Chapter 8: Tonal Scale
- For this exercise, open in Photoshop® the file named Fig08_rgbimage.jpg (a photograph of a purple flower by Fred Benenson) included in the Chapter 8 Download Work Files.
- Whenever an image is scanned or captured digitally, the process of digitizing a three dimensional reality into a two dimensional file results in a loss of contrast. Unsharp Mask is a Photoshop® filter that is commonly used to compensate for this loss. From the menu bar, click Filters > Unsharp Mask. Photoshop® has many filters available which can be used to manipulate, enhance, or otherwise alter a digital image.
The Unsharp Mask filter analyzes the contrast in edge areas of an image and increases the contrast of those pixels. Be sure that the Preview button in the Unsharp Mask dialog box is checked. Look at the image while clicking on the Preview button. Un-checking the Preview button displays the “before state” (the unfiltered image) and checking the Preview button reveals what the image will look like after the filter is applied. There are no set rules, but the guiding relationship is between the settings in this dialog box and file size. The larger the file size, the higher you will set values for Threshold, Radius and Amount. With smaller file sizes (anything less than 30 megs) you will probably leave the Threshold at 0, the Radius lower than 1.0 and adjust the Amount to somewhere between 20 and 250 percent, use your best judgement for an image that looks good. You will know when you’ve gone too far, the increased contrast will result in an image that looks pixelated and forced. Applying this filter should produce a minor modification. Once you’re satisfied with the settings, click OK to apply the filter.
- Now we’ll use the Crop Tool to crop the image. Click the Crop Tool in your Tools panel (or press the C key on your keyboard). When you activate the Crop Tool you will see a dashed border with control anchors appear around the image (if you don’t see the dashed border and control anchors, click and drag across the image to define a crop box). Click and drag the anchors along the side edges of the crop box to adjust where the crop box is located in relationship to the image. The Crop Tool displays the cropped area by setting a dark gray cast on the parts of the image that will be cropped out of the scene. When the crop area looks appropriate, press Enter/Return on your keyboard or click on the checkmark in the Options bar Control panel at the top of the Photoshop® interface to “commit current crop operation.”(Note: Sometimes you may need to rotate an entire image 90 degrees clockwise or counter-clockwise, or 180 degrees. To do this you can choose Image > Rotate Canvas and select the desired rotation from the submenu.)
Tip: If it seems like the Crop Tool is sticking to the edges of your image, click on the anchor to readjust the crop area then hold down the CTRL key, which temporarily turns off “snapping” (a feature in the View menu that can be helpful when moving multiple objects into position).

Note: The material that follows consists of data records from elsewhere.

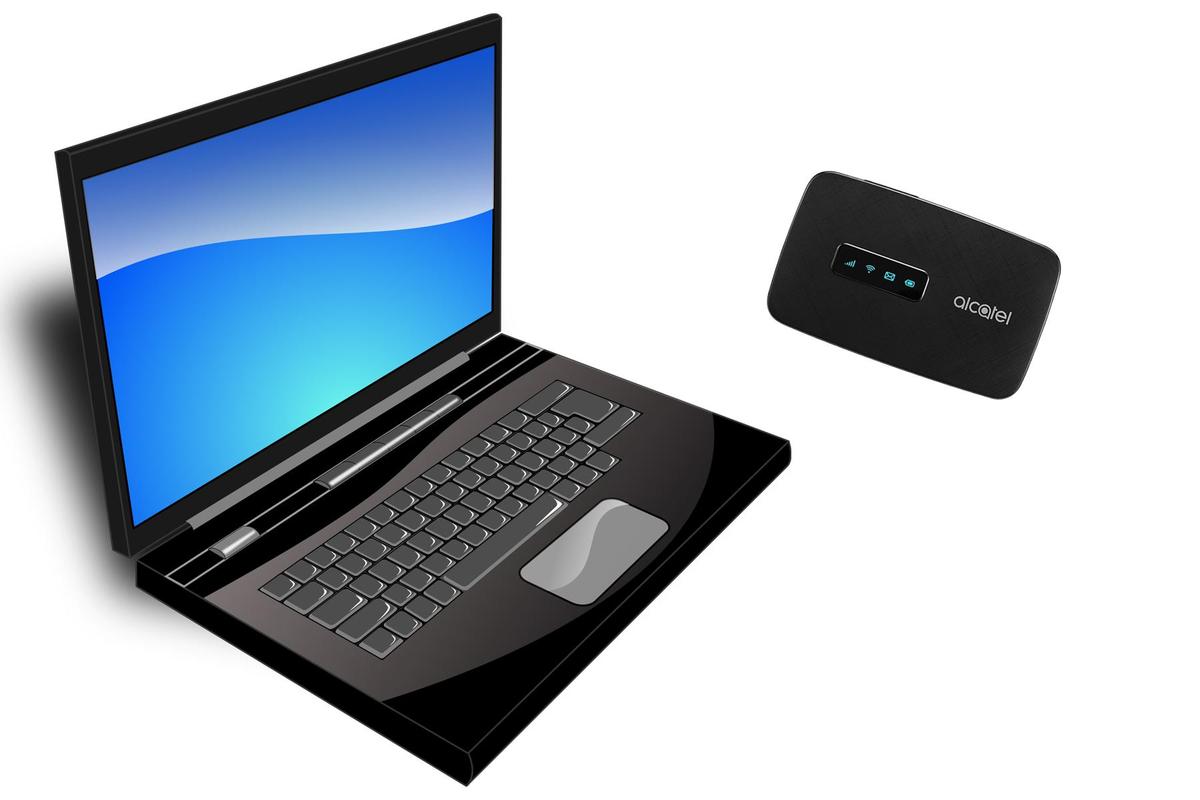 A laptop computer positioned beside a wireless router, illustrating a modern workspace setup.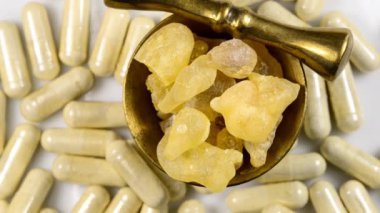 Olibanum, pieces in a mortar and Olibanum capsules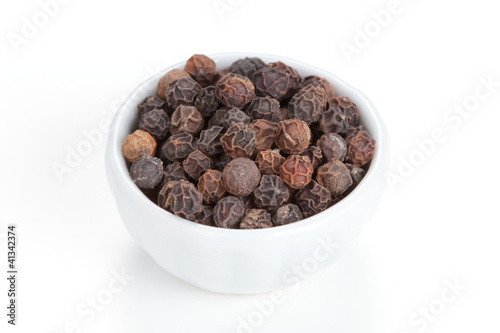 Photo: Black pepper (Piper nigrum) in a white bowl on white background. Black pepper (Piper nigrum) in a white bowl on white background.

Let go of the mouse before letting go of CTRL.
- When processing, capturing, or cropping images for use in print, it is a good idea to check the Image Size dialog box (Image > Image Size) to evaluate the resolution settings. Think about what size you need this image to be when printed and keep that in mind as you check the information in the Image Size dialog box. Remember from Chapter 7 that a printed image will be clearest if its resolution is between 200 and 300 ppi. Many digital cameras record very large images, but the resolution is set at 72 ppi and may need to be adjusted. Looking at the Image Size information for our Fig08_rgbimage.jpg file, we see it has a resolution setting of 240 ppi and the cropped Width and Height of the printed image will be around 15.8” by 15.6” (your crop may be slightly different).Let’s try adjusting the Resolution to values of 900, 600, and 300 ppi and observe how that changes the printed Width and Height. Be sure to uncheck “Resample Image” before adjusting the resolution to a higher number. You should see that as the value of the resolution (measured in pixels per inch) increases, the width and height of the file decreases and the amount of pixel information (labeled as Dimensions near the top of the Image Size box, which should be grayed-out) remains the same. If all of this is not happening for you, and you are trying to increase the resolution of the file, something is wrong – double check your Resample setting and make sure that checkbox is unchecked. When you are finished experimenting with Resolution settings, set the Resolution value to 300ppi and click the OK button.
Tip: If you clicked with the Crop Tool and simply want to start over, the ESC key on the keypad will return you to normal editing mode.
Use File > Save As and save your file as a Photoshop® file named ch8-lastname-flower_cropped.psd – make sure you select Photoshop as the type/format and use your own last name in place of lastname when you name your file.